Keyboard shortcuts

Press or to navigate between chapters

Press S or / to search in the book

Press ? to show this help

Press Esc to hide this help

Memory Topology

Design Principle

Vendor-neutral abstraction over CPU-memory-GPU memory topology. The scheduler reasons about “memory domains” and “interconnect bandwidth,” not vendor-specific terms like NUMA node IDs or NVLink-C2C. Node agents discover and report memory topology; the scheduler uses it for placement decisions and memory policy configuration.

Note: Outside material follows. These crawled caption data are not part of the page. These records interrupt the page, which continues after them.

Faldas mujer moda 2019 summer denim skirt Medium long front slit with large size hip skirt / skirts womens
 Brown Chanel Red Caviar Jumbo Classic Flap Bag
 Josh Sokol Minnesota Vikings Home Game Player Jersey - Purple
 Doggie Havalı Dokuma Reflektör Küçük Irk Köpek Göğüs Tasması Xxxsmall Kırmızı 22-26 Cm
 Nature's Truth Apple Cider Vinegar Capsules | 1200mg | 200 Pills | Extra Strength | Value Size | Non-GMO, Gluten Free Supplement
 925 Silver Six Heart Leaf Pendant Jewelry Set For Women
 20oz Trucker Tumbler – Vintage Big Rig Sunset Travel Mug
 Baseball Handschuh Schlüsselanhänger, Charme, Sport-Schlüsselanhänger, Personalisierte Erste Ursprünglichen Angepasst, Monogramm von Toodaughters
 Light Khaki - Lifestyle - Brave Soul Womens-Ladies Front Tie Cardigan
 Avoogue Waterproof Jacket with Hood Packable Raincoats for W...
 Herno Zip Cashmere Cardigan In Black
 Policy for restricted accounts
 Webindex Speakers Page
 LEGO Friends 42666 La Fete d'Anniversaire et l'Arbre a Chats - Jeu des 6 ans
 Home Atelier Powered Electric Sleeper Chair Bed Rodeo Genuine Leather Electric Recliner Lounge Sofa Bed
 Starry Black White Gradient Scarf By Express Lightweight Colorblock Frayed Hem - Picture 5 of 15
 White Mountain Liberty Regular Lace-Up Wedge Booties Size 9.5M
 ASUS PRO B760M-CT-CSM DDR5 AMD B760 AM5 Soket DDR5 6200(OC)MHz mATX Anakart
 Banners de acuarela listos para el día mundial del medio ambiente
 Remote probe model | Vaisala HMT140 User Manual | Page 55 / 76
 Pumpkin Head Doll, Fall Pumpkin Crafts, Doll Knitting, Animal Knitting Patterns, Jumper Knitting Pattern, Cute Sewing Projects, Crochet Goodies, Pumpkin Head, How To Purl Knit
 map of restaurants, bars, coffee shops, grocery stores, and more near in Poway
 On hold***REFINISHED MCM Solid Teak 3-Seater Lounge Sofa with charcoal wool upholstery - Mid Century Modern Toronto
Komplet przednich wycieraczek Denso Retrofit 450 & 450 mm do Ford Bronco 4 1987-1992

This complements gpu-topology.md, which models GPU interconnects. Memory topology models the CPU-memory-GPU memory hierarchy: NUMA domains, unified memory architectures, and CXL-attached memory tiers.

Memory Domain Types

TypeHardware ExampleCharacteristicsDiscovery
Discrete NUMAMulti-socket Intel Xeon, AMD EPYCSeparate DRAM per socket, asymmetric access latencies/sys/devices/system/node/
Unified CPU-GPUNVIDIA Grace Hopper GH200NVLink-C2C coherent, single address space across CPU and GPUNVML + /sys/devices/system/node/
APU / Unified DieAMD MI300ACPU + GPU on same package, shared HBM3 poolROCm-SMI + hwloc
CXL-AttachedCXL Type 3 memory expandersPooled or device-attached memory, higher latency than local DRAM/sys/bus/cxl/
Single-SocketSingle-socket serversTrivial: one NUMA node, uniform access/sys/devices/system/node/

Abstraction Model

MemoryTopology {
    domains: Vec<MemoryDomain>,
    interconnects: Vec<MemoryInterconnect>,
    total_capacity_bytes: u64,
}

MemoryDomain {
    id: u32,
    domain_type: MemoryDomainType,    // Dram | Hbm | CxlAttached | Unified
    capacity_bytes: u64,
    numa_node: Option<u32>,           // Linux NUMA node ID, if applicable
    attached_cpus: Vec<u32>,          // CPU IDs with local access
    attached_gpus: Vec<u32>,          // GPU indices with local/coherent access
}

MemoryInterconnect {
    domain_a: u32,
    domain_b: u32,
    link_type: MemoryLinkType,        // NumaLink | CxlSwitch | CoherentFabric
    bandwidth_gbps: f64,
    latency_ns: u64,
}

enum MemoryDomainType { Dram, Hbm, CxlAttached, Unified }
enum MemoryLinkType { NumaLink, CxlSwitch, CoherentFabric }

The node agent populates this structure at startup alongside GpuTopology and reports it with node capabilities and health data.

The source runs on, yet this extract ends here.